_YOUR TASK_
Every line of the material should be output exactly as written.

_GIVEN MATERIAL_
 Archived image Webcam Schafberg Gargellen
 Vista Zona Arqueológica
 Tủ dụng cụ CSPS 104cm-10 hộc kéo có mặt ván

_FINISHED EXERCISE_
 Archived image Webcam Schafberg Gargellen
 Vista Zona Arqueológica
 Tủ dụng cụ CSPS 104cm-10 hộc kéo có mặt ván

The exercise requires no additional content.